A: Dwork started out as an electrical engineer and was 31 when he received his PhD.  The memorial article by Tate and Katz gives the interesting details. 
A: Misha Cotlar, born in 1912 in Ukraine, emigrated to Uruguay in 1928. He never had a formal education. He got his PhD from Chicago University in 1953. He died in 2007. He is well known for his work in harmonic and functional analysis.
A: Persi Diaconis of Stanford had two careers -- the first as a violin prodigy studying at Julliard, and then as a world famous magician who performed for the crowned heads of Europe.  In his early twenties he decided that he wanted to learn enough math to understand Feller's two volume treatise, so enrolled at CCNY.  His beginning was rocky (by his own admission), but he finished there well enough to be admitted to the Ph.D. program in Statistics at Harvard, and, the rest, shall we say, is history.  He also worked as an advertising copywriter while he was attending CCNY.
A: Lefschetz didn't move to math until he lost both of his hands in an industrial accident at the age of 23.
A: I've always heard that Hilbert was unexceptional (not bad, but not genius) as a student. He gained steam throughout his career, rather than bursting into prominence.
A: I've just been reading Peter Roquette's entertaining account of the remarkable career of Otto Grün. Grün was an amateur, never attended university but at the age of 44 sent some results around FLT to Helmut Hasse. There were considerable errors, but Hasse spotted enough originality to keep up a correspondence and helped guide Grün into becoming a highly respected group theorist with work fundamental enough to find it's way straight into group theory text books.

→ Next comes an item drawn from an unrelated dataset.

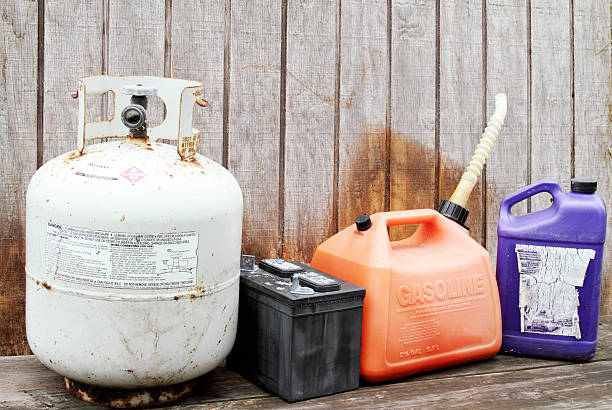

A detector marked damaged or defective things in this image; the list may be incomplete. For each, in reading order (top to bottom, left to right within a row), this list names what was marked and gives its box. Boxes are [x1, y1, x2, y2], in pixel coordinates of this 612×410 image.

A: How about Raymond Smullyan?  According to his autobiography[1], he has published his first mathematical article at the age of 35, to which Marvin Minsky has reacted by saying Ray has decided to become a child prodigy at the age of 35.  Does this count as starting off late in life?
[1] Raymond Smullyan, Emlékek, történetek, paradoxonok. TyopTeX, 2004, original title "Some Interesting Memories. A Paradoxical Life".

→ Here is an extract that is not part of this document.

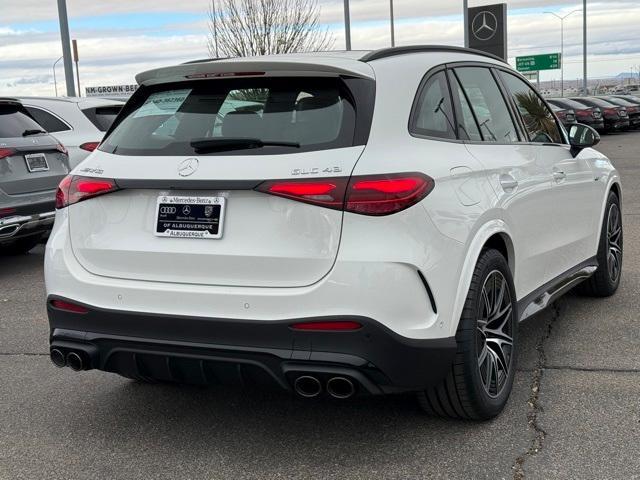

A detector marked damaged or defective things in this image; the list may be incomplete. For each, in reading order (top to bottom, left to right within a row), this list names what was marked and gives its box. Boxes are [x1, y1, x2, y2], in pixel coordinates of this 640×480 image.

cracked pavement [1, 132, 640, 480]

A: There's Thomas Kirkman of Kirkman's schoolgirl problem, who didn't start studying mathematics until he was into his forties. Aside from the problem that bears his name he went on to work publish papers in extremal set theory, finite geometries and the like, he was also one of the first to write about group theory in English.  
A: One could perhaps also cite George Green, miller and mainly autodidact mathematician as an unconventional and relatively late bloomer. He entered University only at 40, seven years and seven months before his death. See for instance Green's Biography at MathTutor.

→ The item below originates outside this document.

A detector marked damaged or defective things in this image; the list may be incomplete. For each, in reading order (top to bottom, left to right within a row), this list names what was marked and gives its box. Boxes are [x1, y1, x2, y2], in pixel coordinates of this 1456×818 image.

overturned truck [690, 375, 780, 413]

A: Alberto Calderón (of Calderón-Zygmund Theory/operators - one of the great analysts of the 20th century by any account). He studied Electrical Engineering in Buenos Aires, graduating at age 27. Zygmund met him during a visit to Buenos Aires and was very impressed with his mathematical originality, so he invited him to pursue a PhD in Chicago, which Calderón completed when he was 30.
A: You could read the autobiography of Paul Halmos (RIP- he died just a few years ago) "I want to be a mathematician". He started mathematics much later in life, first he did chemical engineering then philosophy then mathematics. Halmos wasn't quite the genius in mathematics (as he has described it) but later in life he got into it and succeeded. John von Neumann (who was Halmos' countryman) also started from chemical engineering before going to mathematics.
A: In the early 90's, I had a colleague who had been a professional tennis player before going back to a PhD thesis in mathematics. I'll hide his name since he is now in the middle of his career.
A: Unfortunately, all these exceptions appear to be reaches, thus proving the rule.
A: Dennis Sullivan who won the 2010 Wolf Prize comments on this in his own words in the magazine published by the New York Academy of Sciences:
http://www.nyas.org/Publications/Detail.aspx?cid=14047af0-9f26-481c-9b50-9434130c89db
A: I don't know if Jean van Heijenoort counts as great, but his life story is amazing.